Summer Squash Casserole

Ingredients

  • 6 to 7 medium yellow squash, sliced (about 6 cups)
  • 1 large onion, chopped
  • 1 (10.5-ounce) can cream of chicken soup
  • 1 cup sour cream (regular or low-fat)
  • 1 cup grated raw carrot
  • 1 (8-ounce) package seasoned stuffing mix
  • 1/2 cup melted butter or margarine

This classic summer squash casserole is the perfect way to use up an abundance of yellow squash. Creamy, comforting, and topped with buttery stuffing mix, it’s a tried-and-true favorite at potlucks, holidays, and weeknight dinners. A few simple ingredients make this recipe easy to assemble and totally irresistible.

Cooking Steps

  • 1
    Preheat oven to 350°F (175°C).
  • 2
    In a large pot, boil squash and onion in salted water for 5 minutes. Drain well and set aside.
  • 3
    In a large mixing bowl, combine cream of chicken soup and sour cream. Stir in the grated carrots.
  • 4
    Fold in the drained squash and onions, mixing gently.
  • 5
    In a separate bowl, mix stuffing mix with melted butter.
  • 6
    Spread half the stuffing mixture into the bottom of a lightly greased 9×13-inch casserole dish.
  • 7
    Add the vegetable mixture evenly over the stuffing.
  • 8
    Top with the remaining stuffing mixture.
  • 9
    Bake uncovered at 350°F for 25 to 30 minutes, or until golden and bubbly.

Tips & Variations

  • Low-fat version: Use low-fat sour cream and soup; omit the butter.

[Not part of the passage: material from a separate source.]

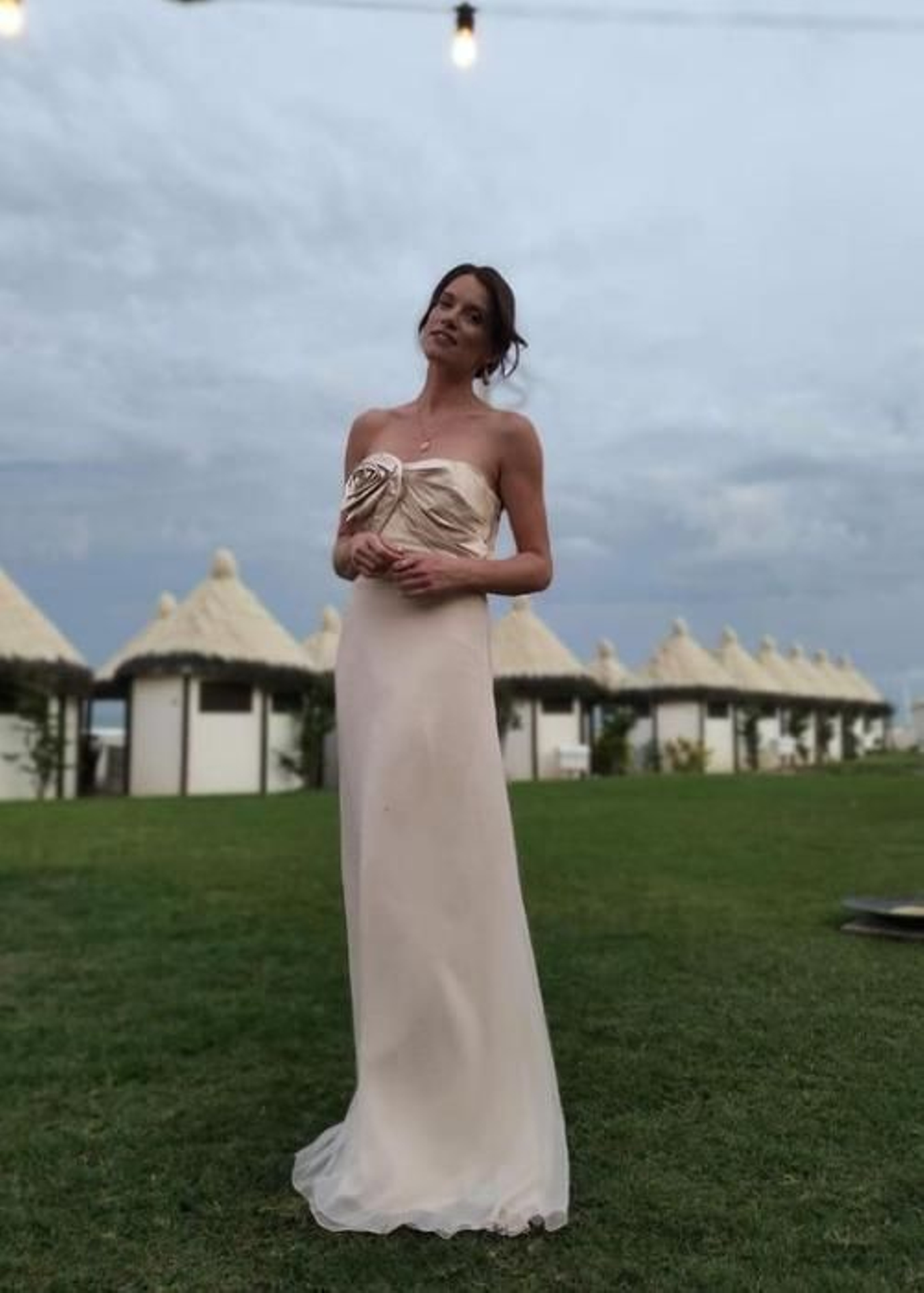 La diseñadora de moda y estilista de 'celebrities' española  Victoria Nogales con vestido de Dior en el Festival de Venecia.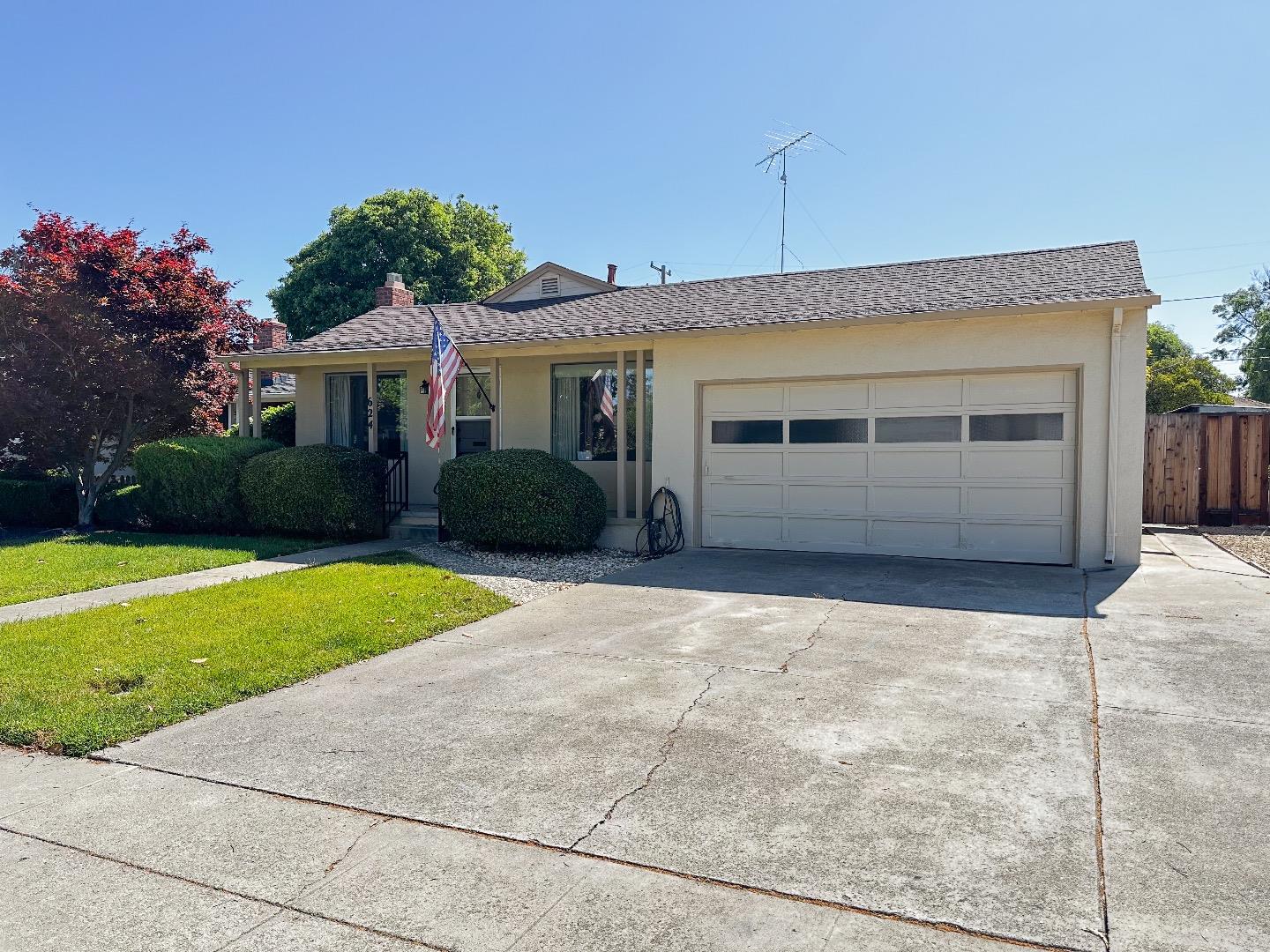 Neighborhood Neighborhood-108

  • Substitute cream of mushroom soup to make it vegetarian.

  • Add shredded cheddar cheese for a richer casserole.

 Storage & Reheating

  • Store: Refrigerate leftovers in an airtight container for up to 4 days.

  • Reheat: Warm individual servings in the microwave, or reheat the whole dish covered at 325°F until hot.